No, this is primarily a moral treatise, not a book about education. The style of the authors is quite frequently hortatory; and sometimes offensively so. The first lines of the preface assert that:

The present volume is the offspring of an academically un-sanctioned union of anthropology and education. In popular mythology, natural children are supposed to be marked by excessive vigor and ruthlessness in the pursuit of goals. If these qualities are present in this book, we should count them assets.

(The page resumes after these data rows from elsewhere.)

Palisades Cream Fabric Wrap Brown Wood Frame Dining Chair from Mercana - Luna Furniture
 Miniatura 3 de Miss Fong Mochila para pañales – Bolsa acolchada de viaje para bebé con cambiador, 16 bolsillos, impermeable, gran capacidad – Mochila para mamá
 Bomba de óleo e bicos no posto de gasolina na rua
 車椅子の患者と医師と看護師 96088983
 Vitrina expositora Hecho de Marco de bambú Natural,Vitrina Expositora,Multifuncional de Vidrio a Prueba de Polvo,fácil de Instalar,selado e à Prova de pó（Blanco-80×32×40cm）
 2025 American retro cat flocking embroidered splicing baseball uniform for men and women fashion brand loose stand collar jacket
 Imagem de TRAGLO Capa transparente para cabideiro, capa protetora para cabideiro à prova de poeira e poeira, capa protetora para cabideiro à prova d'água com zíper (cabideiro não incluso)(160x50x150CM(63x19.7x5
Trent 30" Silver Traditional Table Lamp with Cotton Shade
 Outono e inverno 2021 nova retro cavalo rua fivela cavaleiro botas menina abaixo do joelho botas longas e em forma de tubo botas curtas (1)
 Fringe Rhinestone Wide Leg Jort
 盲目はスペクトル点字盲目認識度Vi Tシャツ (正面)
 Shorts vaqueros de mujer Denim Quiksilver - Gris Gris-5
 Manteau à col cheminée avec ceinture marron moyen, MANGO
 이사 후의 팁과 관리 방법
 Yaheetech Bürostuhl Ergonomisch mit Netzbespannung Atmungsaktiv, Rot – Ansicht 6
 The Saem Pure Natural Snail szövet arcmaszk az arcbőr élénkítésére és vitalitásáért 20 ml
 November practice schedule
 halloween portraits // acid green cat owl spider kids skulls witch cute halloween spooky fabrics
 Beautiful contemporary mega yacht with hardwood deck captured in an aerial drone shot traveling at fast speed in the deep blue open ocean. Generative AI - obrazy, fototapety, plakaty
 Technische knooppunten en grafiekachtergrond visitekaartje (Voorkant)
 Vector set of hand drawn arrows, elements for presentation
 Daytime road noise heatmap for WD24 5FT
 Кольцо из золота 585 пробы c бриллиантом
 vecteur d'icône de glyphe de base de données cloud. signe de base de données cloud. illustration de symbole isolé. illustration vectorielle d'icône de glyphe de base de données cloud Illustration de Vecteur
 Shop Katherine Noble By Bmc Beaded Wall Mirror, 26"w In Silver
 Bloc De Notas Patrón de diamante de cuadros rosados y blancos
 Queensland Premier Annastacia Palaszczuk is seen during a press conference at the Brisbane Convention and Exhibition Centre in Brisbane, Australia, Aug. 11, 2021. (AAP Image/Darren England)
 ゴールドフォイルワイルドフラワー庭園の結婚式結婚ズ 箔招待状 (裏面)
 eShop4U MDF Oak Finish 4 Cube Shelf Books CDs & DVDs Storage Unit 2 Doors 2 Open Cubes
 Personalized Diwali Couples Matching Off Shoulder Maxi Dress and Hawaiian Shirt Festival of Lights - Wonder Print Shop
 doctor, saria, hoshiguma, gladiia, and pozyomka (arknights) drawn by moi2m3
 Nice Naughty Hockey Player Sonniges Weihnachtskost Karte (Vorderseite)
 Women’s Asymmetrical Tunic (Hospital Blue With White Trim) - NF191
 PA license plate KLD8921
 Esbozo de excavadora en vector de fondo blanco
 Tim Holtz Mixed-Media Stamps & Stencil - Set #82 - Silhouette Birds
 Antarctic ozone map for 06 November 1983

So should I; but what comes out is not so much an effect of strength as a kind of seductive insolence. On two or three occasions, the authors step into parentheses to admonish the stupid reader directly: “(It is idle chatter to introduce the bogey of transfer of training to this discussion….”;”Please do not interpose the trite objection that the social contributions of Bartok, Bergson, and Bohr cannot be explained by their group affliations!…).” Ordinarily, I would not object to this kind of thing; it is even refreshing after so much blandness in books about education. But in this book, otherwise so elegant and satisfying in style, it began to affect me very unpleasantly. One need not be a Swinburne to get a certain satisfaction from being pushed around by rough, manly chaps, even intellectually; and Kimball and McClellan leave the susceptible reader all a-tingle. But they also left me feeling, as sometimes happens on these occasions, slightly taken. By treating me with such engaging roughness, they almost made me forget that the new brand of commitment they are selling, that works on an entirely new principle, was so delightfully smooth. I enjoy myself. I am grateful for our romp together, but I am not going to buy their product. Freud, Fromm, and Salinger are high-priced, it is true; more than I can any longer afford. But they carry my brand, and their goods last a lifetime, such as it is.